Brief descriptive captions
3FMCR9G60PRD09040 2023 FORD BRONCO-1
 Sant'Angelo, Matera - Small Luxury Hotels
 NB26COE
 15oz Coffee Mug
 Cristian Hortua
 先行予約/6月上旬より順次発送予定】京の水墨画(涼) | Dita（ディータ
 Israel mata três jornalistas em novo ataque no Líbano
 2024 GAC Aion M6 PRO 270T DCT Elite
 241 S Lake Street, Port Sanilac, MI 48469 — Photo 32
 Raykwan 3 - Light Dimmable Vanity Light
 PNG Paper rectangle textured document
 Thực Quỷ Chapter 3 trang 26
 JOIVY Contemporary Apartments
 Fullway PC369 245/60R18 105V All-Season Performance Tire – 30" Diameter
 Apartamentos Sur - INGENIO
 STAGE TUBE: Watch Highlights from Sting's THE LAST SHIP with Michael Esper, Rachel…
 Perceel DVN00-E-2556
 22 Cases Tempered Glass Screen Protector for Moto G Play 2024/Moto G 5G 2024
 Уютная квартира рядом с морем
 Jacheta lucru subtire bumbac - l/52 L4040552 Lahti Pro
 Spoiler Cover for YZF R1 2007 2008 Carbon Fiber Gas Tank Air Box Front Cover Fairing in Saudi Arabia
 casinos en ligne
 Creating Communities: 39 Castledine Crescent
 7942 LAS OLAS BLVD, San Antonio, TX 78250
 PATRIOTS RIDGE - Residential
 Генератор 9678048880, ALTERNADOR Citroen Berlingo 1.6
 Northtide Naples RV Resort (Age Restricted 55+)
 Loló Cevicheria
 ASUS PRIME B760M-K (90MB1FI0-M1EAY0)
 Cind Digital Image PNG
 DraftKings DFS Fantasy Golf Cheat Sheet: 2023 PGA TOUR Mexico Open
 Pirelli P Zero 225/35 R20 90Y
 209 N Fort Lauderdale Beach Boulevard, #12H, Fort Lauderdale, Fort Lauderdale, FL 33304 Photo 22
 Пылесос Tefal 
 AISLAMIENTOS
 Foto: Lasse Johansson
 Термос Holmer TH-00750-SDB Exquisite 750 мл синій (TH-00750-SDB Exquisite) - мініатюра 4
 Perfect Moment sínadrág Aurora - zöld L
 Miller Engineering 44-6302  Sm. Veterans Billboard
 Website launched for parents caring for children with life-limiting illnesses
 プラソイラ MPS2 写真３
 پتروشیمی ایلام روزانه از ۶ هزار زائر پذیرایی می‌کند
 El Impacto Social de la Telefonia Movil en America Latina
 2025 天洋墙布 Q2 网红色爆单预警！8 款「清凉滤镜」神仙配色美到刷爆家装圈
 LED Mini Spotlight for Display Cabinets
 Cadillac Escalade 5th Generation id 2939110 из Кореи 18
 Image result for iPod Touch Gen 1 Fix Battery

* Task details *
Search the entries for the line holding "LED Mini Spotlight for Display Cabinets". Return that line and the ones after it through the last, exactly.

* Written answer *
 LED Mini Spotlight for Display Cabinets
 Cadillac Escalade 5th Generation id 2939110 из Кореи 18
 Image result for iPod Touch Gen 1 Fix Battery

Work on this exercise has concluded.